Besides these formulas, magic songs are also in use. The words of these, however, are comprehensible, and they may be sung in the hearing of others.
According to Rink, it is as a rule the deceased relations and ancestors of the person using the charm, and especially his grandparents, whose help is invoked in these formulas and in the songs. From Holm’s account, on the other hand, we gather nothing of this sort. It seems to me not unreasonable, however, to suppose that they, and also the amulets, have often a certain connection with the dead, and may thus be the beginning of (or a survival from) a more developed ancestor-worship. When a boy is for the first time placed in a kaiak, the father, by means of magic songs, will invoke for him the protection of his deceased grandparents and great-grandparents.
Offerings to the supernatural powers are very infrequent among the Greenlanders. The most common form of offering is made to the inue of the sea, the so-called kungusutarissat (the plural of kungusutariak).
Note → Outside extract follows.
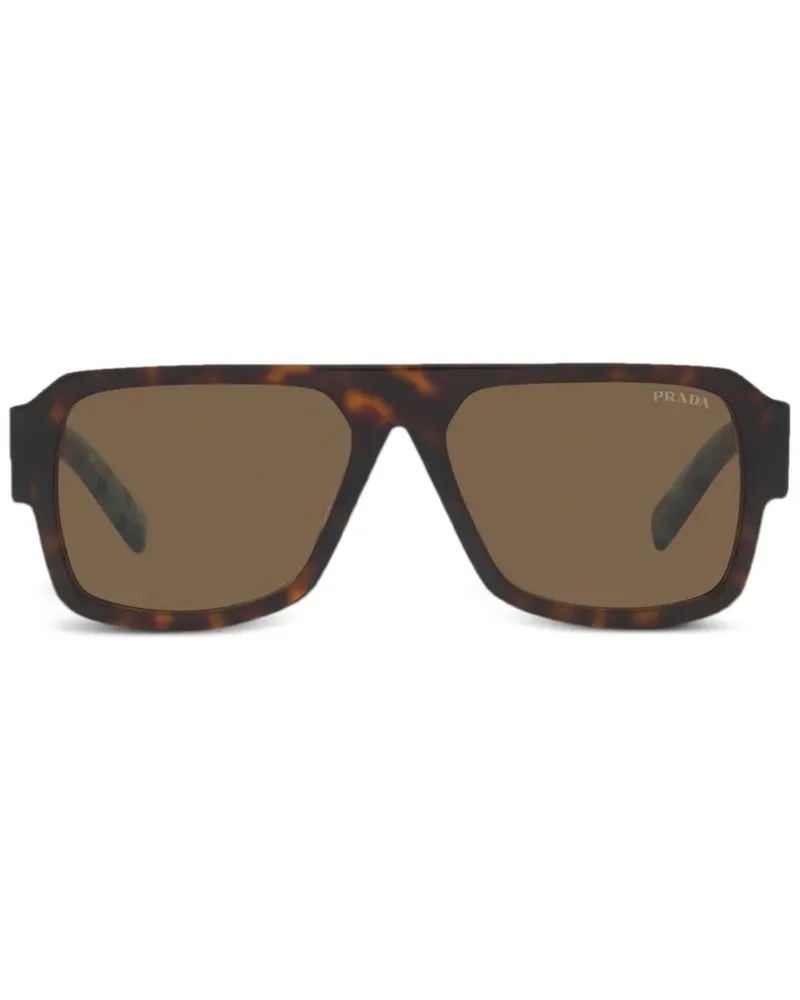 Prada Sonnenbrille mit eckigem Gestell - Braun Braun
They are fond of foxes’ flesh and foxes’ tails, which are, therefore, offered to them whenever a fox is caught, that they may make the fishing successful. In travelling, too, the Eskimos will make offerings to certain headlands, glaciers, and the like, which they regard as dangerous, in order to get past them unharmed. The offering is as a rule thrown overboard into the sea; it often consists of food, but may also take the form of beads or other things which they value.
Besides these religious ceremonies the Greenlanders have others, especially certain rules of life as to fasting, abstinence, and the like, which must be observed, for example, by women immediately before or after the birth of a child. It would, however, lead us too far to go in detail into these matters.
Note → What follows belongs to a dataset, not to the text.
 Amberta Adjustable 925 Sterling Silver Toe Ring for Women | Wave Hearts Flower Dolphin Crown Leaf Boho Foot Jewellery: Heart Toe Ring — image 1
From this survey of the religious conceptions of the Greenlanders, it will doubtless appear that they are not so exempt from foreign influences as many have been inclined to think. We can trace in them admixtures from many quarters; we have found myths whose place of origin is certainly as distant as Central Asia; nay we have even found some which unquestionably bridge the distance between Greenland, South Africa, and the Fiji Islands.[157] The migrations of such myths presuppose immense periods of time. What is perhaps most interesting for us, however, is the traces which we find of our own forefathers’ visits to Greenland. It is not only a few ruined buildings that bear witness to their presence; they have also left an unmistakable imprint on the spiritual life of the natives. I shall cite one or two more examples of remarkable resemblances to European, and especially Scandinavian, superstitions, which must in all probability have arisen from intercourse with our forefathers.
The Greenlanders believe that children born in secrecy, or murdered after birth, become dangerous spectres (angiak). Among other things, they are in the habit of seeking out a dog’s skull, which they use as a kaiak, in order to persecute and kill their kinsfolk—either their mother’s later-born children, or, it may be, their mother’s brothers, who, by reproaching her for her misconduct, have led her to conceal the birth. Sometimes, too, they pursue people in the form of a feather, a mitten, &c.[158] This conception is very like the belief in what is called utburden, which is very widespread in Norway. These are children who, being born in concealment and killed, have not received a name. They cannot rest, but, in the form of visible or invisible ghosts, they pursue either the mother or people who pass by the place where they have been laid.[159] The resemblance between this Norwegian conception and the Greenland superstition is so great that there is every probability of its having been imported into Greenland by the old Scandinavians.[160]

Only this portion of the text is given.